Presque 3 h 30, cela peut sembler long, mais il n'y a pas une minute de trop. En fait, il y a trois films en un. La première partie, qui fait quasiment la moitié du film, ressemble fort aux
Bas-fonds (film de Kurosawa de 1957 d'après le roman de Maxime Gorki) : c'est la société féodale vue d'une auberge miteuse, fréquentée par un samouraï alcoolique et des piliers de tripots. Les paysans miséreux sont la lie de la société et sont jugés durement ; les samouraïs sont des fanfarons ou des épaves, parfois des brigands — si les armures qu'ont les brigands ont pu être volées sur des cadavres, l'un d'eux tire à l'arc et est donc un ronin. Les sept samouraïs sont nobles d'esprit, mais ils admettent avoir survécu aux batailles par chance, en se cachant une fois le château tombé, en fuyant les représailles.
La deuxième partie est plus légère, au début, mais là encore Kurosawa se livre à une étude de la société de l'époque. Les paysans sont lâches, roublards et des tyrans domestiques, il achèvent les samouraïs blessés pour leur voler leurs armes et armures, ils cachent des réserves ; mais en même temps, ils sont pressurés par des impôts sans être pour autant protégé par leur daimyo, leurs terres sont ravagées par les guerres et il ne leur reste rien pour vivre après les pillages des brigands. Dans cette partie, les histoires personnelles se révèlent.
La troisième partie est l'âpre combat, mais ce n'est à peine qu'un tiers du film. Les brigands sont isolés du groupe et massacrés un par un par les paysans en colère et regonflés par la supériorité numérique. On y voit une vieille femme brandir sa houe pour achever un brigand ligoté et venger la mort de son fils. Et les pertes sont d'autant plus douloureuses que l'on a appris à connaître et à aimer les personnages.
Au final, ce n'est pas tant un film de sabre qu'un film humain, un film sur les hommes, leur lâcheté, leur courage, leur désespoir.
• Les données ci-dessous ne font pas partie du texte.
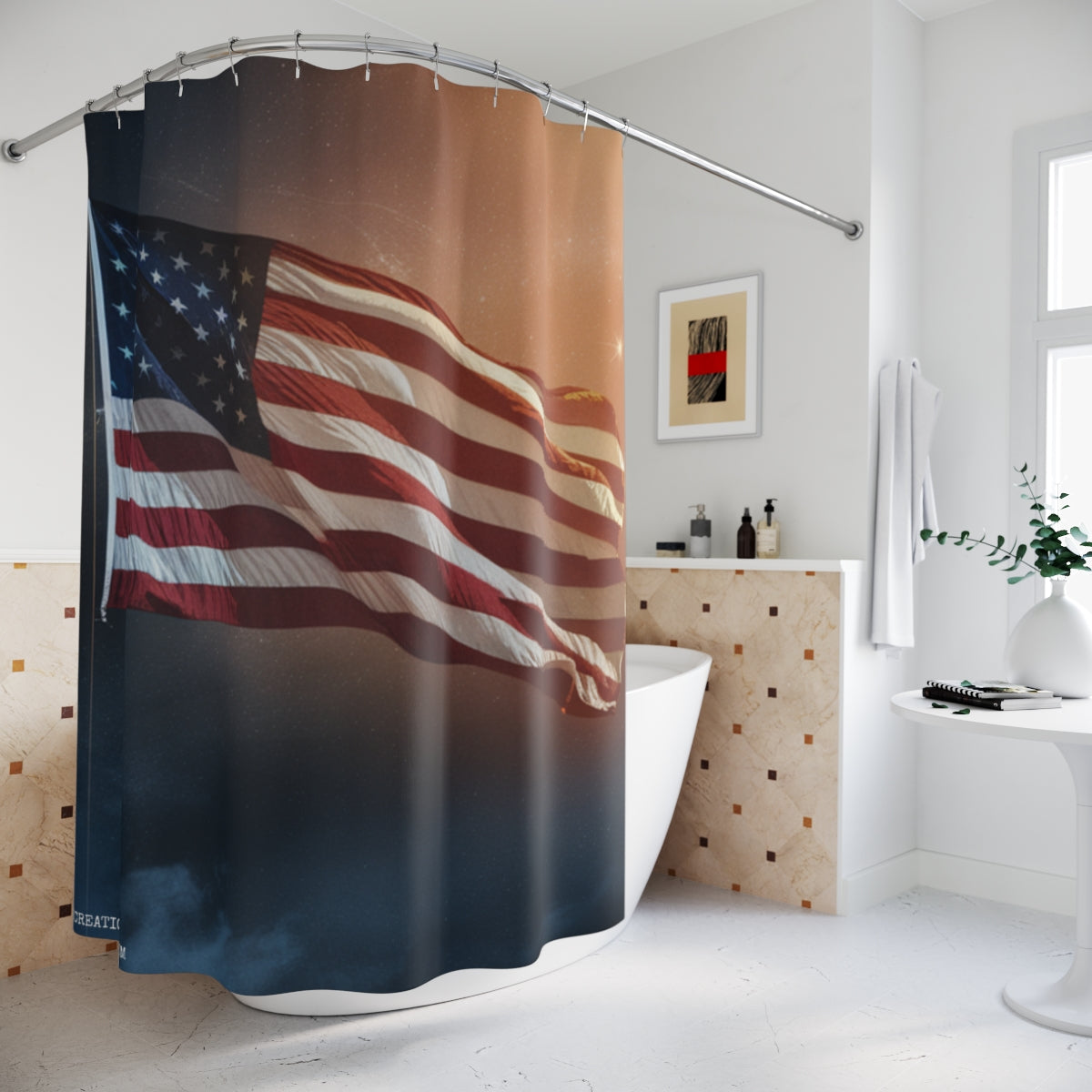 American Flag Design Bathroom Decor Shower Curtain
Un film fort en symboles : les villageois qui se content de millet pour offrir le riz à leurs protecteurs, le samouraï qui laisse la femme dont il est amoureux se faire tabasser par son père en éprouvant la honte d'avoir brisé les barrières des castes… Et un film qui remet le samouraï à sa place, loin de l'image d’Épinal de l'abnégation et du sacrifice [2].
Faut-il mentionner qu'il inspirera
Les Sept Mercenaires (
The Magnificient Seven, John Sturges, 1960, puis Antoine Fuqua, 2016) et, hem,
Les mercenaires de l'espace (
Battle Beyond the Stars, Jimmy T. Murakami, 1980).
Note1. Un des samouraïs, Kikuchiyo, exhibe la généalogie d'un enfant de 13 ans et qui est né en l'an 2 du règne de l'empereur Nara.
2. Sur ce point, lire aussi Rich,
Bushido: Way of total bullshit ; mais cet article parle beaucoup de la période Tokugawa, alors que le film se passe un peu avant.